Re: sync_file_range()

From

Simon Riggs

Date:

19 June 2006, 16:54:14

On Mon, 2006-06-19 at 15:04 -0400, Greg Stark wrote:

> > We fsync the xlog at transaction commit, so only the leading edge needs
> > to be synced - would the call help there? Presumably the OS can already
> > locate all blocks associated with a particular file fairly quickly
> > without doing a full cache scan.
> 
> Well in theory the transaction being committed isn't necessarily the "leading
> edge", there could be more work from other transactions since the last work
> this transaction actually did. 

Near enough.

> > Other files are fsynced at checkpoint - always all dirty blocks in the
> > whole file.
> 
> Well couldn't it be useful for checkpoints if it there was some way to know
> which buffers had been touched since the last checkpoint? There could be a lot
> of buffers dirtied since the checkpoint began and those don't really need to
> be synced do they?

Qingqing had a proposal for something like that, but seemed not worth it
after analysis.

--  Simon Riggs EnterpriseDB          http://www.enterprisedb.com

Re: sync_file_range()

From

Tom Lane

Date:

19 June 2006, 22:35:46

Greg Stark <gsstark@mit.edu> writes:
> Come to think of it I wonder whether there's anything to be gained by using
> smaller files for tables. Instead of 1G files maybe 256M files or something
> like that to reduce the hit of fsyncing a file.

Actually probably not.  The weak part of our current approach is that we
tell the kernel "sync this file", then "sync that file", etc, in a more
or less random order.  This leads to a probably non-optimal sequence of
disk accesses to complete a checkpoint.  What we would really like is a
way to tell the kernel "sync all these files, and let me know when
you're done" --- then the kernel and hardware have some shot at
scheduling all the writes in an intelligent fashion.

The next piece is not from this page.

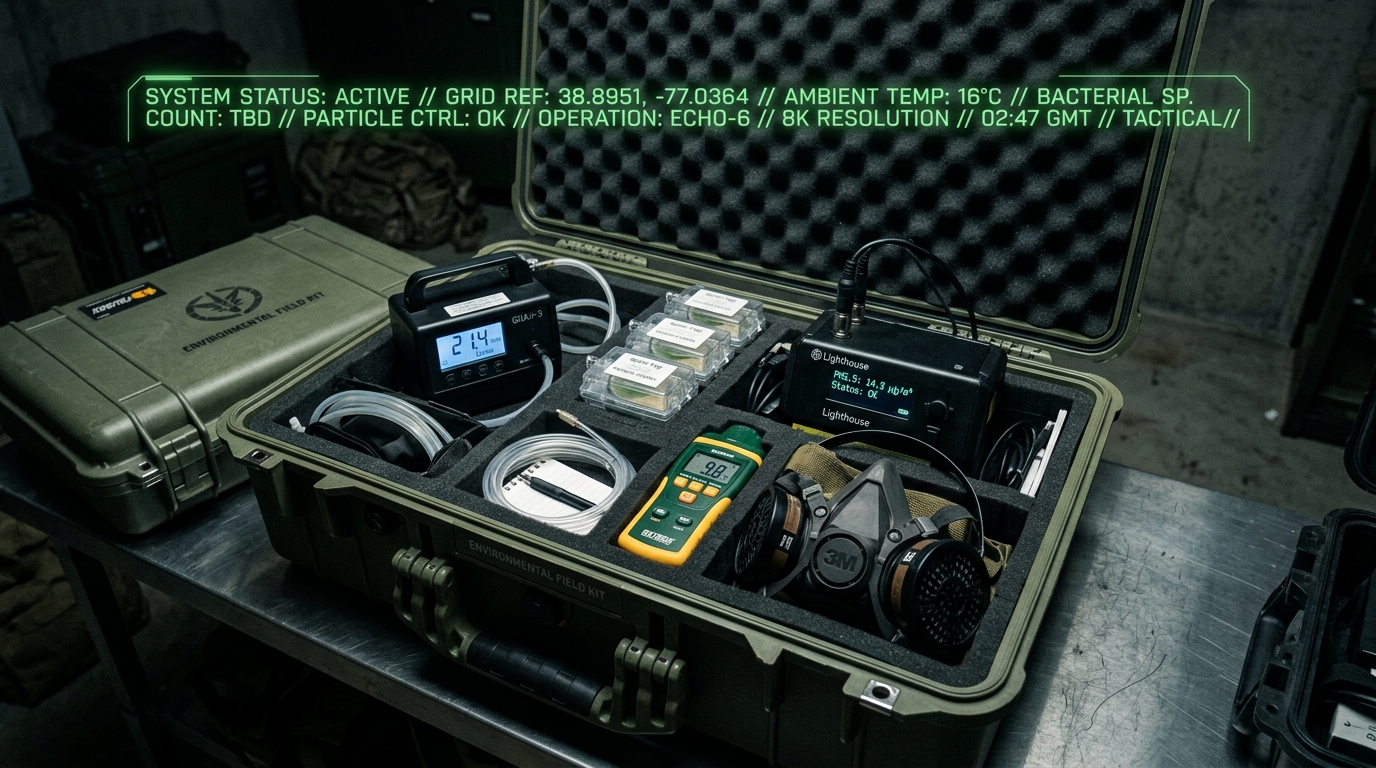 Tactical Environmental Field Sampling Instrumentation and Safety Equipment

sync_file_range() is not that exactly, but since it lets you request
syncing and then go back and wait for the syncs later, we could get the
desired effect with two passes over the file list.  (If the file list
is longer than our allowed number of open files, though, the extra
opens/closes could hurt.)

Smaller files would make the I/O scheduling problem worse not better.
Indeed, I've been wondering lately if we shouldn't resurrect
LET_OS_MANAGE_FILESIZE and make that the default on systems with
largefile support.  If nothing else it would cut down on open/close
overhead on very large relations.
        regards, tom lane

Re: sync_file_range()

From

Simon Riggs

Date:

20 June 2006, 05:45:27

On Mon, 2006-06-19 at 21:35 -0400, Tom Lane wrote:
> Greg Stark <gsstark@mit.edu> writes:
> > Come to think of it I wonder whether there's anything to be gained by using
> > smaller files for tables. Instead of 1G files maybe 256M files or something
> > like that to reduce the hit of fsyncing a file.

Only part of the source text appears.